I had to Google the exact meaning of ‘levees.’ Born in Sliedrecht, the world’s dredging capital and raised a few meters below sea level, dikes and dams have been fixtures in my life. I now know most of these dikes were levees, such as the one a few hundred meters from my home.
‘Levees’ are a crucial word in Floodlines, The Atlantic’s magnificent podcast about the many disasters in New Orleans caused by Hurricane Katrina. Another is ‘racism.’ I binged the series on my nightly lockdown walks. Living just east of Amsterdam, south of the former inland sea, and tucked in between various old rivers, all walks are along the dams, canals, and other structures of one of the world’s most advanced water management systems. And while I am sure our levees will likely hold, I also know they didn’t hold back the systemic injustices that were Katrina’s real disaster.
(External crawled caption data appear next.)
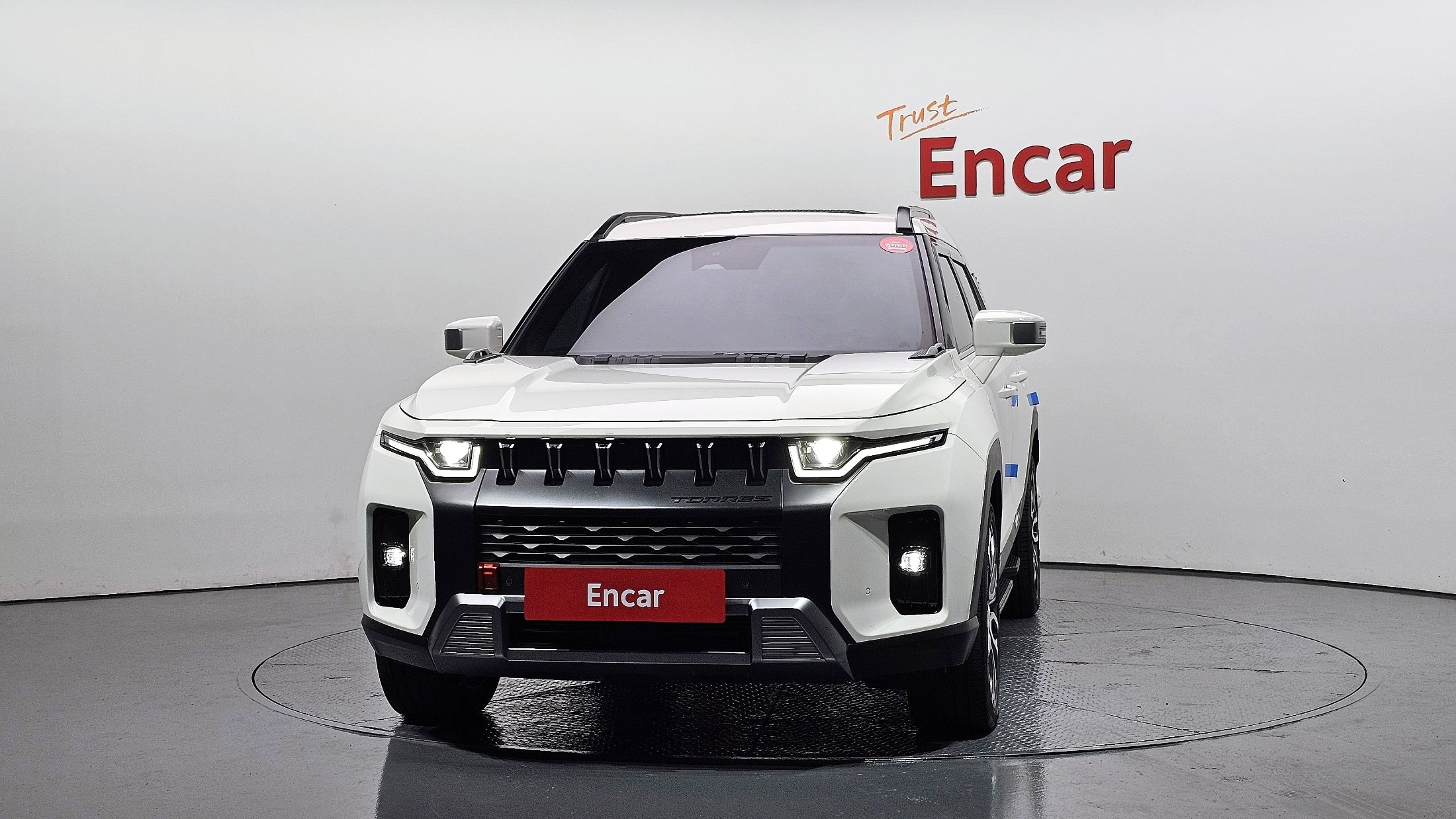 SSANGYONG TORRES 2022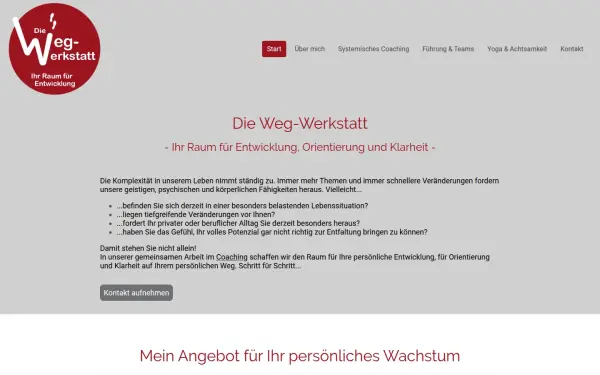 www.weg-werkstatt.de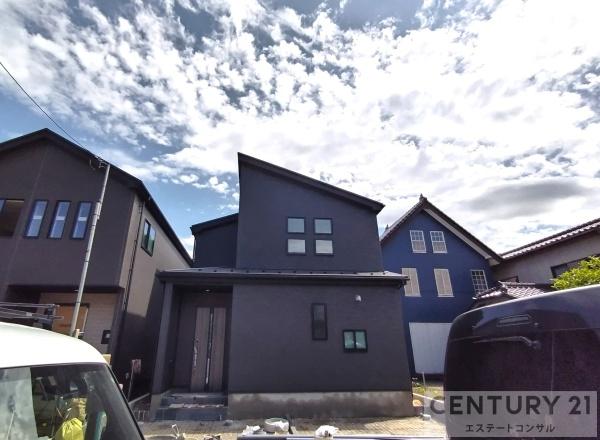 君津市人見　新築一戸建て　6期　1号棟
In Floodlines, Vann R. Newkirk II traces the historical roots and long-term impact of Hurricane Katrina. The show shows how it was not the weather but human error and indifference that caused the disaster and its suffering.
The levees broke not because Katrina was ‘the big one’ that was predicted to break them. They weren’t broken on purpose — as they had been in the past — to protect more affluent, whiter neighborhoods. They broke because they weren’t designed, built, and maintained well enough. In the show, Sandy Rosenthal believes they broke because of arrogance and the faulty belief in a romantic nature.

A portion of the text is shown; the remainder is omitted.